* EXERCISE AIM
Using the entries that follow, write out the line containing "Image of male", the line containing "Les mariés marchent", and every line between them, exactly and nothing else.

* RECORD SET
_ _ _ _ _ _ _

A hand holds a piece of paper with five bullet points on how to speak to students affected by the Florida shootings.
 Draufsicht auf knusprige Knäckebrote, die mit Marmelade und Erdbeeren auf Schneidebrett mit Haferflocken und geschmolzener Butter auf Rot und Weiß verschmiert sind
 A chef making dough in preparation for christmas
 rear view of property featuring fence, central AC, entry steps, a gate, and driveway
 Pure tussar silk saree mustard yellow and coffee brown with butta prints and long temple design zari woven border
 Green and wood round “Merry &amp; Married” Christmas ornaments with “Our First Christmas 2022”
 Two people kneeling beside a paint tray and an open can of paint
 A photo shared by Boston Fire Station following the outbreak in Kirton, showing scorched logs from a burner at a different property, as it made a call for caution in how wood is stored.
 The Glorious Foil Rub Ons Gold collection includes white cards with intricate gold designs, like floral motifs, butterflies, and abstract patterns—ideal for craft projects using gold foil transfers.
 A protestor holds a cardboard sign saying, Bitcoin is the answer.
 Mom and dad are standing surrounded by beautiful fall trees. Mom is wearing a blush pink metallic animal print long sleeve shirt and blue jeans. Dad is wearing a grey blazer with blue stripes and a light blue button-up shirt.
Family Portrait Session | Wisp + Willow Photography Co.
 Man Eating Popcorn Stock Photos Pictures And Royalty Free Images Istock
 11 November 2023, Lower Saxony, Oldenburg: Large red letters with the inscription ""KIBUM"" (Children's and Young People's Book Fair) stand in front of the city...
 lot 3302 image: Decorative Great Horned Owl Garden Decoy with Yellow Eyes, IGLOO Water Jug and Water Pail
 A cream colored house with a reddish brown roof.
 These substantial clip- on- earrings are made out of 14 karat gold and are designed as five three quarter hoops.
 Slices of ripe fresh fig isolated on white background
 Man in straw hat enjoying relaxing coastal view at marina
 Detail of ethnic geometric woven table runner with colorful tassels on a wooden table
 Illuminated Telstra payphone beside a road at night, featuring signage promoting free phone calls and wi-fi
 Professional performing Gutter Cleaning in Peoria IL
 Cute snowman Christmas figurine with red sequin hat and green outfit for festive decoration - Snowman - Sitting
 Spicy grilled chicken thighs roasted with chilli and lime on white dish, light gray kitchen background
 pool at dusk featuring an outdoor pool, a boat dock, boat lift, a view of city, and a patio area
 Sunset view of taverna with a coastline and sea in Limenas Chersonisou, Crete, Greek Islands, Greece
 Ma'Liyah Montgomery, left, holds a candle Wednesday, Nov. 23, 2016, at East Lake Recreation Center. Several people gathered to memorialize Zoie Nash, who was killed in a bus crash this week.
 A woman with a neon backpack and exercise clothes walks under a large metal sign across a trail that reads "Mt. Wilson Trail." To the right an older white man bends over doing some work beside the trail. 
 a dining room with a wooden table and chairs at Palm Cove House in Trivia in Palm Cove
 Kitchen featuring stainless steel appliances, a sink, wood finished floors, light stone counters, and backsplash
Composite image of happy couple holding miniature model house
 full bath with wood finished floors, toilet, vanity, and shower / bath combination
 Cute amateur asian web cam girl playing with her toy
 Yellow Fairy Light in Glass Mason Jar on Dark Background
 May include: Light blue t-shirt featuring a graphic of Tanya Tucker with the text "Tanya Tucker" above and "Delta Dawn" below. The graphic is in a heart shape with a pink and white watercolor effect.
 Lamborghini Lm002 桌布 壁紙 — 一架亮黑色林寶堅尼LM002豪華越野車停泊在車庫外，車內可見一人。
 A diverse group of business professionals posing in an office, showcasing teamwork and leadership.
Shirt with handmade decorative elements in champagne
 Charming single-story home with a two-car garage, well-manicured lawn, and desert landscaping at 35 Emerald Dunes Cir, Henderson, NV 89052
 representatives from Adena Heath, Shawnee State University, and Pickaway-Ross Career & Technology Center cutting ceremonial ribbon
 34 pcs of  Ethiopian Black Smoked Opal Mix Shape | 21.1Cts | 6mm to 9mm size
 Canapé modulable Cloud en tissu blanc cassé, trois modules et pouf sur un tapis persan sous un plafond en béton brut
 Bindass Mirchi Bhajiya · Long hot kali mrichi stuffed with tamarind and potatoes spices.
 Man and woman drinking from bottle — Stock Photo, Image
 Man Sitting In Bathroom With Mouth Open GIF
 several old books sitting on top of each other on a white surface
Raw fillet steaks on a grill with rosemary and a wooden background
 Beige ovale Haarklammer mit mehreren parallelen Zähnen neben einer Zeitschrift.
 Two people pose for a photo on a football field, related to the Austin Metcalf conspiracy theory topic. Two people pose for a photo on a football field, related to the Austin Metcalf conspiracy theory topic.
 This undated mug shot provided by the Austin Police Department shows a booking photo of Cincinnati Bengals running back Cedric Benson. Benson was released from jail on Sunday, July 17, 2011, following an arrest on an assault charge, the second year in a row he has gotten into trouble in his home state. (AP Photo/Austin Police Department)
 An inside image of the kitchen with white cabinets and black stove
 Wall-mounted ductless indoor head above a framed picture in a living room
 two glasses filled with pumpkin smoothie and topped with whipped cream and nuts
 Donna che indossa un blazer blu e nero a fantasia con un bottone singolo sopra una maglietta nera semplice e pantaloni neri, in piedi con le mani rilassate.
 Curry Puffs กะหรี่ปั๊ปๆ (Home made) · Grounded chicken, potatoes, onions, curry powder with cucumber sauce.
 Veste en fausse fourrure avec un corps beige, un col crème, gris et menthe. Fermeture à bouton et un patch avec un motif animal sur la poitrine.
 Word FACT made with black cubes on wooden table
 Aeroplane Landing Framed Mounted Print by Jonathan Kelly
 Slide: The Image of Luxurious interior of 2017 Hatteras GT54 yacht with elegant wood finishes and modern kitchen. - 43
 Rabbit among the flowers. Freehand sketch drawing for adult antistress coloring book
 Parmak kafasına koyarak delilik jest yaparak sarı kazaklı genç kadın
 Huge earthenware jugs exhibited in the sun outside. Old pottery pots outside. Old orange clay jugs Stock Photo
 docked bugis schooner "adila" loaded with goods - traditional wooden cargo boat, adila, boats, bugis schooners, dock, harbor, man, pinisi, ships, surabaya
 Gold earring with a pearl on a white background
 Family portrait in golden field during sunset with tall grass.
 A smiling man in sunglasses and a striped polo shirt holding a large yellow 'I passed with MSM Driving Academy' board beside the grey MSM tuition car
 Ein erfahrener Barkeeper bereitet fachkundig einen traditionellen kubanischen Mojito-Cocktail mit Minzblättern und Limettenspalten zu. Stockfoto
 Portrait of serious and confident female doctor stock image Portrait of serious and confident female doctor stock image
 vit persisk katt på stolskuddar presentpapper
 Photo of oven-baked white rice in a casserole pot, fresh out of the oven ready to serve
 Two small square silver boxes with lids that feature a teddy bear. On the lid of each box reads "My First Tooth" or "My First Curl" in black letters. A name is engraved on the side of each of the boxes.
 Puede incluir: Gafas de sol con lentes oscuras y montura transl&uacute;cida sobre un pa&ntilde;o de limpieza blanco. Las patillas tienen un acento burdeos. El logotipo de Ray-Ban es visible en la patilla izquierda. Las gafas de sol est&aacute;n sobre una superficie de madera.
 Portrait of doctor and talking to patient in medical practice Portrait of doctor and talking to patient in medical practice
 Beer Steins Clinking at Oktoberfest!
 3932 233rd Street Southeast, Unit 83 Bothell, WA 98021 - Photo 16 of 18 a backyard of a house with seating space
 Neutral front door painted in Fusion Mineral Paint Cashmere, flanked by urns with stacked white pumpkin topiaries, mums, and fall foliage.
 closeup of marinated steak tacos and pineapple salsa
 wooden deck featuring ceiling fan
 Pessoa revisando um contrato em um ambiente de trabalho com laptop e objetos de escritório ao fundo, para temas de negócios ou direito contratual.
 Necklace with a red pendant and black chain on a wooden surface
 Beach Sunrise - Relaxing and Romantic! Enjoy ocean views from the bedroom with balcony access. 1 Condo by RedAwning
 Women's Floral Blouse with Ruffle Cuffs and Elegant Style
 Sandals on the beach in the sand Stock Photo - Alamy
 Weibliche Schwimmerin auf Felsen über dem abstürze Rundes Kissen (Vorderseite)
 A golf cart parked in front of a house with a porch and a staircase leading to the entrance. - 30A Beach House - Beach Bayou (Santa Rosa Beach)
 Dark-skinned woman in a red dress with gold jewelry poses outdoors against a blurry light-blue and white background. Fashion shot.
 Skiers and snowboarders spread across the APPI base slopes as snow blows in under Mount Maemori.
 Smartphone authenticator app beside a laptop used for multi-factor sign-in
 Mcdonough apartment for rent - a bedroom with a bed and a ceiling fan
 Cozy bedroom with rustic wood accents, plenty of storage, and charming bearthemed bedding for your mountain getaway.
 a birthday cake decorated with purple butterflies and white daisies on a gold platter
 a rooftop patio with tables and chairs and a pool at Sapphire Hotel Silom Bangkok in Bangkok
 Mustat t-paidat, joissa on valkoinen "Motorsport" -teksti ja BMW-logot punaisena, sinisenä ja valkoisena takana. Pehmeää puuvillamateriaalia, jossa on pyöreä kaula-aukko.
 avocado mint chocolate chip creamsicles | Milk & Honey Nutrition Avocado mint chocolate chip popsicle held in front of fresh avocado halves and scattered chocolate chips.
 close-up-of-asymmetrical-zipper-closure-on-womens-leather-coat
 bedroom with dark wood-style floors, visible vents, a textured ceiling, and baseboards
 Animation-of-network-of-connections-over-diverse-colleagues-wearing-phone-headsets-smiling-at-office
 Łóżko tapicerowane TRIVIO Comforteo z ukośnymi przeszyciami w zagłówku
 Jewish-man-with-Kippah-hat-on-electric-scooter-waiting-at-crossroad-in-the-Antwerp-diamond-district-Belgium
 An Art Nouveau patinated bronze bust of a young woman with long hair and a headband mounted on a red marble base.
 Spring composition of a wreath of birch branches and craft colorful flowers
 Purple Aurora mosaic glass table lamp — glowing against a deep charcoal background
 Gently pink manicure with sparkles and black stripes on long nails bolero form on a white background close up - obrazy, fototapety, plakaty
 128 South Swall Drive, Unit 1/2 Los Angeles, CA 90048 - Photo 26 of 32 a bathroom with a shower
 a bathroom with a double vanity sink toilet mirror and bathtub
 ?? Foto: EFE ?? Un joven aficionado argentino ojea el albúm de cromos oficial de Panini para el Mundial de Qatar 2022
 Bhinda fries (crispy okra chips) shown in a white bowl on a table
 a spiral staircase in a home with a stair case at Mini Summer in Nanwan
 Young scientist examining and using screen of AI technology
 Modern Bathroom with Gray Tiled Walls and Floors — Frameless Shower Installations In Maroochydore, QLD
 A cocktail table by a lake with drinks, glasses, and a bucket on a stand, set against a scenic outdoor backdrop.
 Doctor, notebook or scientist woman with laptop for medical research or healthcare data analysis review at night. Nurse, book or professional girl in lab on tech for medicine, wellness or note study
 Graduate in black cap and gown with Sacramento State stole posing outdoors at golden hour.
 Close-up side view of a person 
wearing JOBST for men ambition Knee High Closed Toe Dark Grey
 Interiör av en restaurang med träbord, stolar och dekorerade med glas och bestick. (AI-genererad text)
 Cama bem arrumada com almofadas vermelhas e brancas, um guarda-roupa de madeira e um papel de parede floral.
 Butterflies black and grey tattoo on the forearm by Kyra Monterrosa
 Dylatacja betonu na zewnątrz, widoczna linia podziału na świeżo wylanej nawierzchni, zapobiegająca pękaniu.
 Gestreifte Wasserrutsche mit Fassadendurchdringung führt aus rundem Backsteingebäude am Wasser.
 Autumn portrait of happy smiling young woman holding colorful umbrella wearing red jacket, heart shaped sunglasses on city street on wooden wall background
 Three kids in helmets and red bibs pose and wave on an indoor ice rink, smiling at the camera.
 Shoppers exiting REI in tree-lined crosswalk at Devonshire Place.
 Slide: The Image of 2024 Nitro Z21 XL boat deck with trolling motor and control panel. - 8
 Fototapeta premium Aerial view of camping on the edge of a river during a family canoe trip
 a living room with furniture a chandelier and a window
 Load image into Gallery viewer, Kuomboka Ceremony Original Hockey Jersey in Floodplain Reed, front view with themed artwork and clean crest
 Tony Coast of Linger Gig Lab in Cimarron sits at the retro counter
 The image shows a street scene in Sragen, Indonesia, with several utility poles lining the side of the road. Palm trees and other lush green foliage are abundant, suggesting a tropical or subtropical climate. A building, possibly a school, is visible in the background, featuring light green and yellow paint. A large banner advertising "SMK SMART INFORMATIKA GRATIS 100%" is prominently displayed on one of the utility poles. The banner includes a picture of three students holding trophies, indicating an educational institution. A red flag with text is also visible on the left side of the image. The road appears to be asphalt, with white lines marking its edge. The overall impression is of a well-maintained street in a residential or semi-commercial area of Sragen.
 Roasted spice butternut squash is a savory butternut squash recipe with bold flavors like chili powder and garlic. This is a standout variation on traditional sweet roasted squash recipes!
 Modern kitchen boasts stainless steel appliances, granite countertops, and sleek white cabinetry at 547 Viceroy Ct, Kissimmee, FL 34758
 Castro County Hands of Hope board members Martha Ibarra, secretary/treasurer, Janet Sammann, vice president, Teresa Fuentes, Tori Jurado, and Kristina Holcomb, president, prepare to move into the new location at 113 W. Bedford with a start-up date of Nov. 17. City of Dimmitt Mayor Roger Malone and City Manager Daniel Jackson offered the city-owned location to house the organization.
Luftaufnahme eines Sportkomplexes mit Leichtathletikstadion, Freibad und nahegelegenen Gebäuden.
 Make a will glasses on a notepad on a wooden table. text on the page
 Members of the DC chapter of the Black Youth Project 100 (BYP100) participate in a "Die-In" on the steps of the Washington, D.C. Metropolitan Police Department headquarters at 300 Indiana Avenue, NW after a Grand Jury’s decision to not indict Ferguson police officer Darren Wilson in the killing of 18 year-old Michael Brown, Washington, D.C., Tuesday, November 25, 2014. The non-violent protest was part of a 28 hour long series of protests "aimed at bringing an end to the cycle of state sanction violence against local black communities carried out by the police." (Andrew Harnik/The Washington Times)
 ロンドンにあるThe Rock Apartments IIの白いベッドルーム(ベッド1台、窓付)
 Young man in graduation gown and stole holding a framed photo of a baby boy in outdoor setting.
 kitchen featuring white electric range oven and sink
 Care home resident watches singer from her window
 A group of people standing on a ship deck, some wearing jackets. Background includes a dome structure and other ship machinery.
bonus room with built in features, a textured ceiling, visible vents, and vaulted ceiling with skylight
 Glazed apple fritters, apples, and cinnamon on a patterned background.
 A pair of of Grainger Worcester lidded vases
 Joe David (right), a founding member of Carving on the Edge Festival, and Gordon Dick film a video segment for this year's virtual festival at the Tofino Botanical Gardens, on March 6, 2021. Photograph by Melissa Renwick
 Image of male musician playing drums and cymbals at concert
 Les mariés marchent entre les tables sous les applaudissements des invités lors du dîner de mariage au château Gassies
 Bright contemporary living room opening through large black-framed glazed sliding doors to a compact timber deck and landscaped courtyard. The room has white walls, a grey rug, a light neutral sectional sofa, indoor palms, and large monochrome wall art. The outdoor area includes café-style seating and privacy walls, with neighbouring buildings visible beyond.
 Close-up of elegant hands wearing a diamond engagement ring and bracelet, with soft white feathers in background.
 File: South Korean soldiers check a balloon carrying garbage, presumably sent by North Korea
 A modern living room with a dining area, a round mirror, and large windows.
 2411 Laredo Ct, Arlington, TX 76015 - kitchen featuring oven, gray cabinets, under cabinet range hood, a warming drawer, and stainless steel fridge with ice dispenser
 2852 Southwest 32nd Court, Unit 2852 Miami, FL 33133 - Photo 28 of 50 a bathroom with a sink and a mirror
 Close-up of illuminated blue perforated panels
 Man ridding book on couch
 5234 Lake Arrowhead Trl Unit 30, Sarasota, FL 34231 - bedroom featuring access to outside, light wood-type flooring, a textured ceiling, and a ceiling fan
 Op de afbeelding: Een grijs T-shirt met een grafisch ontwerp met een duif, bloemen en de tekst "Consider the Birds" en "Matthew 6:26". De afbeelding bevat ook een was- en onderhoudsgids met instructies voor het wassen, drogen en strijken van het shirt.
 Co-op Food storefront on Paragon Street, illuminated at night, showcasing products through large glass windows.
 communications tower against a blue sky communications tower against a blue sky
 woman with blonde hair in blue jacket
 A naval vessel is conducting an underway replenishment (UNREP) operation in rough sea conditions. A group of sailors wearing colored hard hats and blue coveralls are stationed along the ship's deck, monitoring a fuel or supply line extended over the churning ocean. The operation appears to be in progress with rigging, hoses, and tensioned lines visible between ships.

_ _ _ _ _ _ _

* ANSWER AREA
 Image of male musician playing drums and cymbals at concert
 Les mariés marchent entre les tables sous les applaudissements des invités lors du dîner de mariage au château Gassies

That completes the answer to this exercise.